WHAT IS EXPECTED ▸
Transcribe the material verbatim, starting at its first line and stopping once the line containing "Ilustračný obrázok k" has been given; no picture should appear.

#####

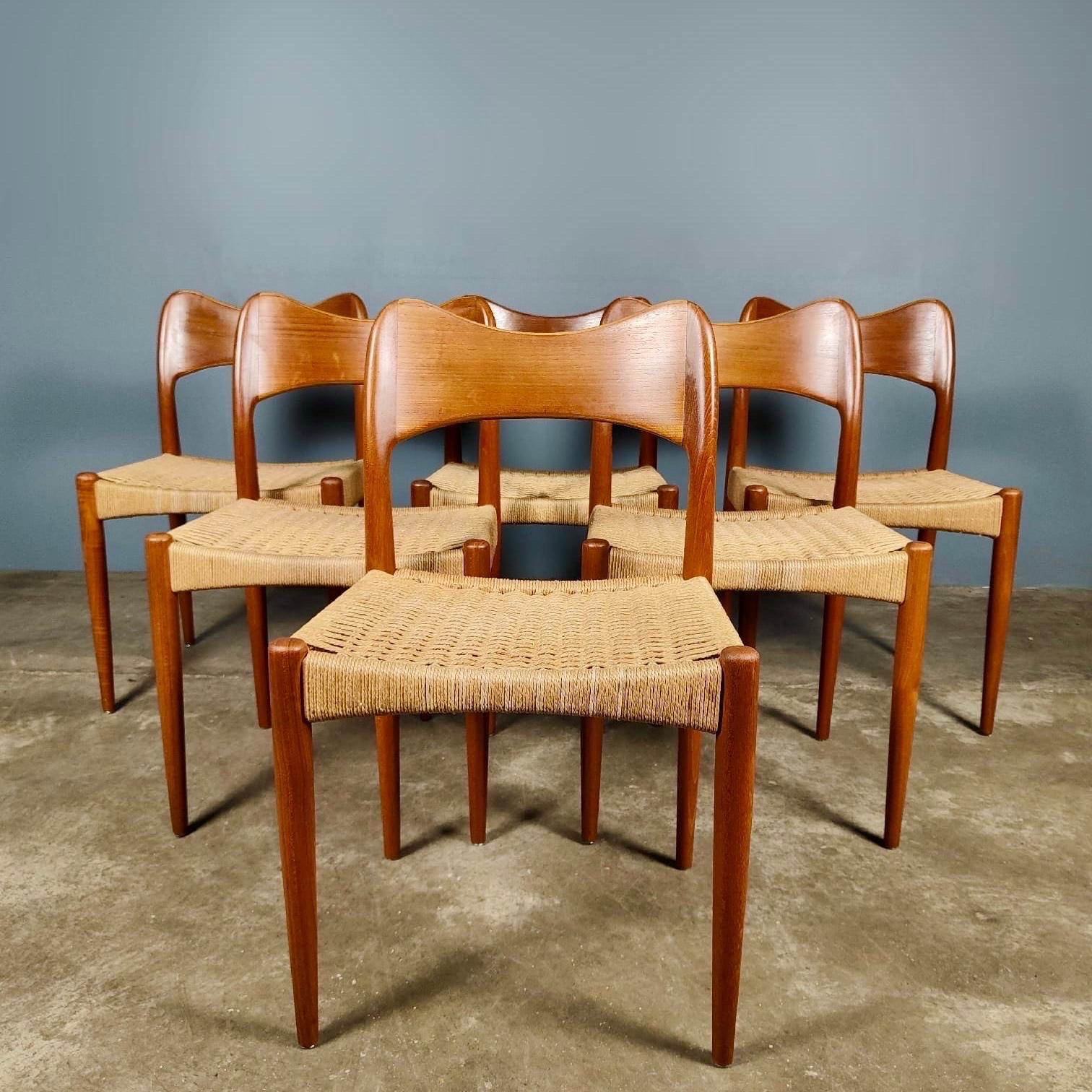 New Stock ✅

6 x Paper Cord Danish Dining Chairs by Arne Hovmand Olsen for Mogens Kold Mid Century Vintage Retro MCM

A rare and scarcely seen set of 6 1960’s paper cord and teak dining chairs, designed by Arne Hovmand Olsen and manufactured by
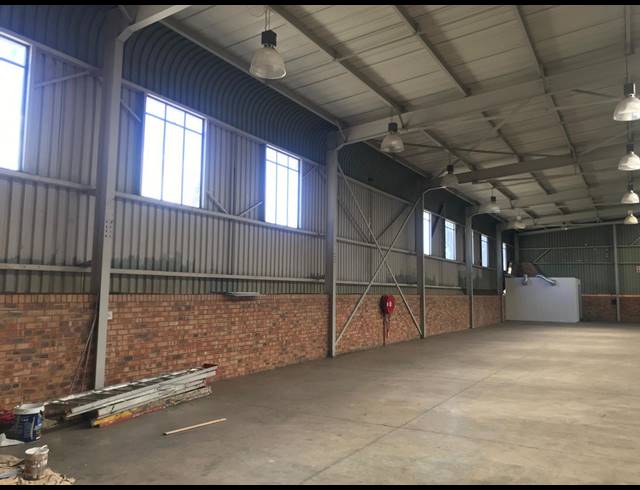 2,316M² WAREHOUSE TO LET IN ROOIHUISKRAAL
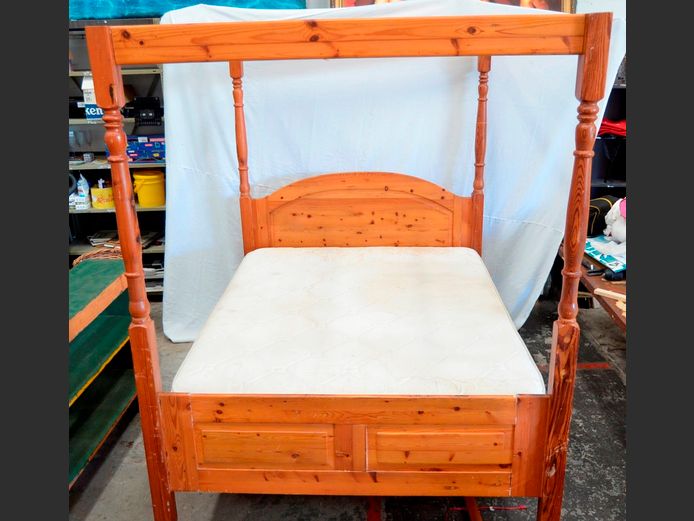 OREGON PINE 4-POSTER BED WITH QUEEN SIZE MATTRESS [Mattress needs a clean]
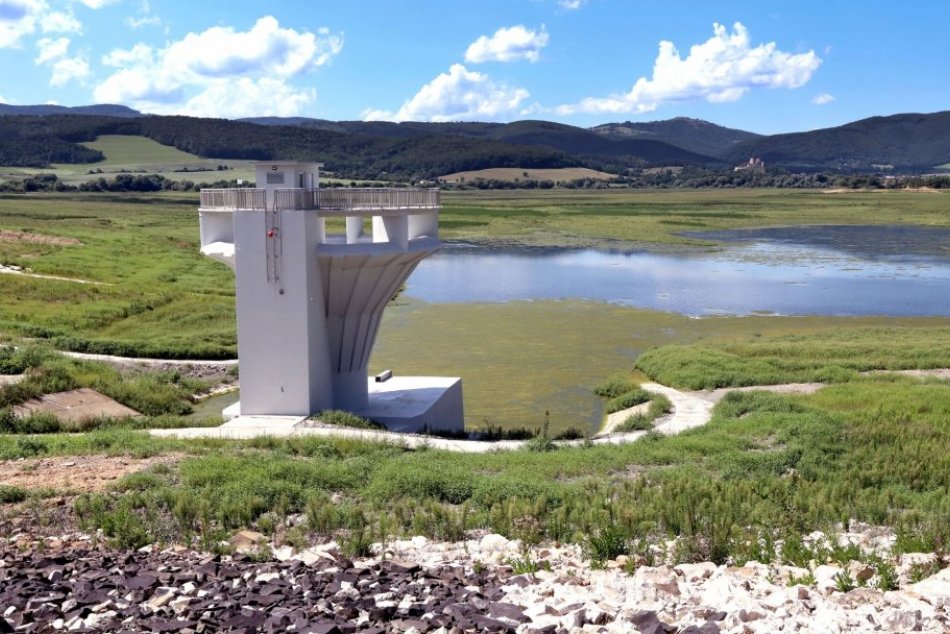 Ilustračný obrázok k článku Vo vodnej nádrži Ružiná postupne pribúda voda: Na koľko % objemu je už naplnená?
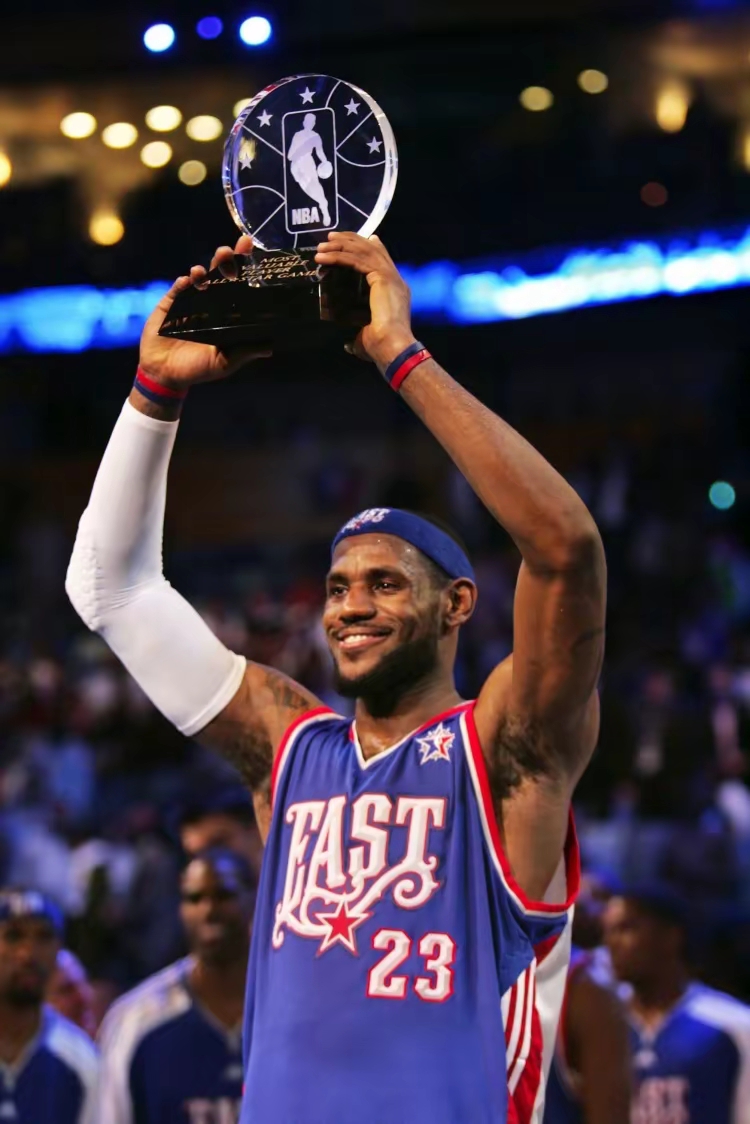 MVP球员在比赛中连续拿高分,稳坐得分王宝座的简单介绍 MVP球员在比赛中连续拿高分,稳坐得分王宝座的简单介绍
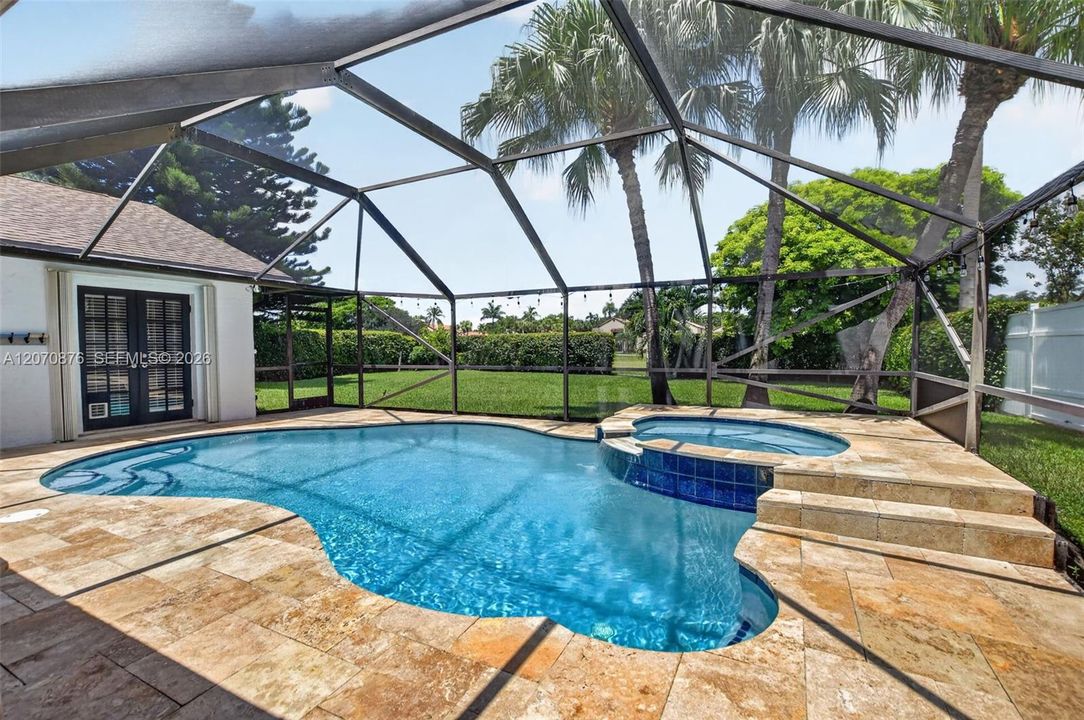 For Sale: $699,000 (4 beds, 2 baths, 1706 Square Feet)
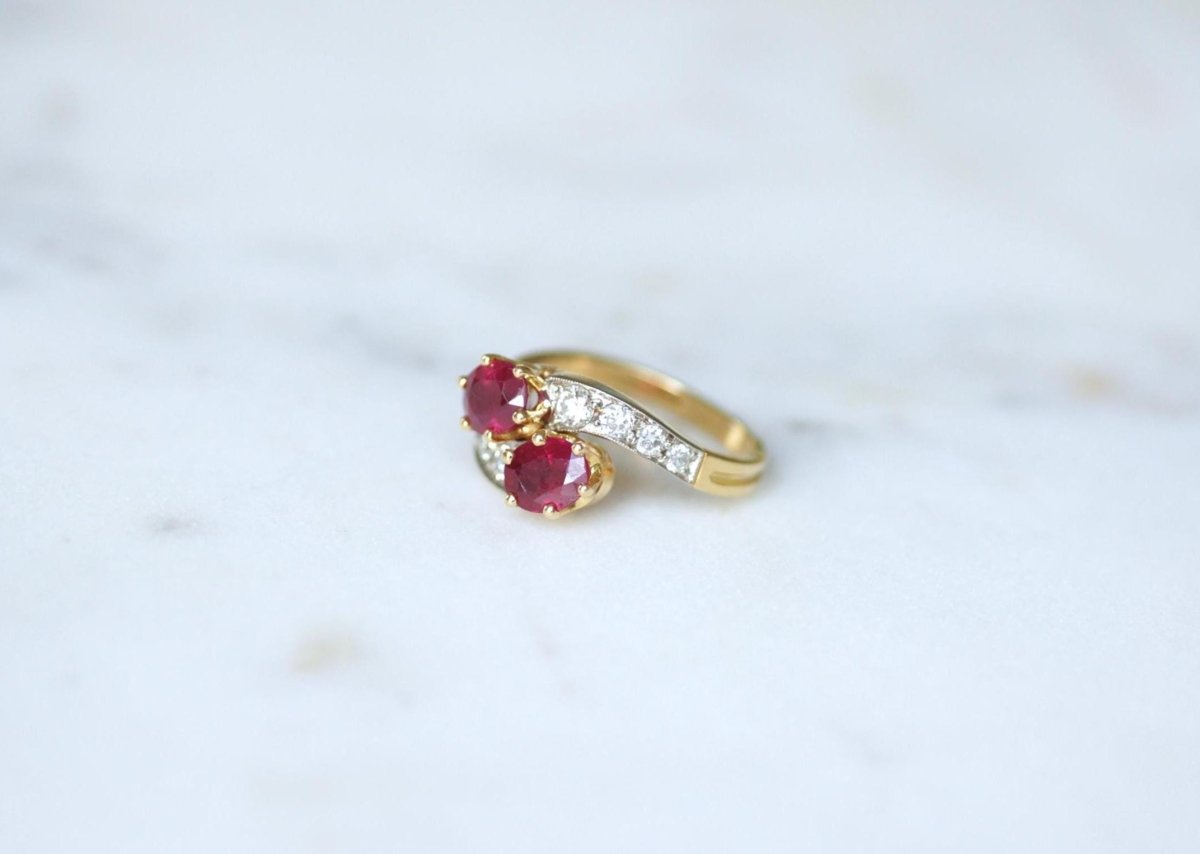 Bague de Fiançailles Toi et Moi Rubis et Diamants sur Or Jaune - Castafiore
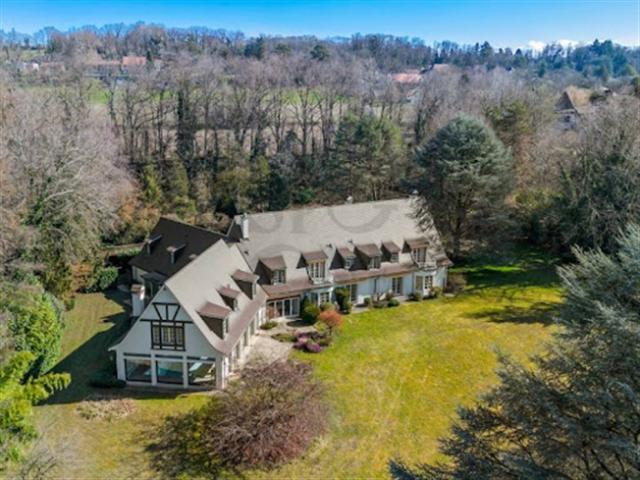 14 Room single house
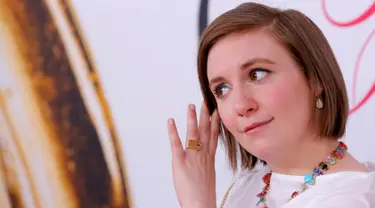 Lena Dunham saat menghadiri CFDA Fashion Awards  di Manhattan, New York, Senin (6/6). Aktris dan produser di serial Girls tersebut mengenakan strapless dress hitam dengan memadukannya kemeja putih di baliknya. (REUTERS/Andrew Kelly)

#####

ANSWER TO THE EXERCISE ▸
 New Stock ✅

6 x Paper Cord Danish Dining Chairs by Arne Hovmand Olsen for Mogens Kold Mid Century Vintage Retro MCM

A rare and scarcely seen set of 6 1960’s paper cord and teak dining chairs, designed by Arne Hovmand Olsen and manufactured by
 2,316M² WAREHOUSE TO LET IN ROOIHUISKRAAL
 OREGON PINE 4-POSTER BED WITH QUEEN SIZE MATTRESS [Mattress needs a clean]
 Ilustračný obrázok k článku Vo vodnej nádrži Ružiná postupne pribúda voda: Na koľko % objemu je už naplnená?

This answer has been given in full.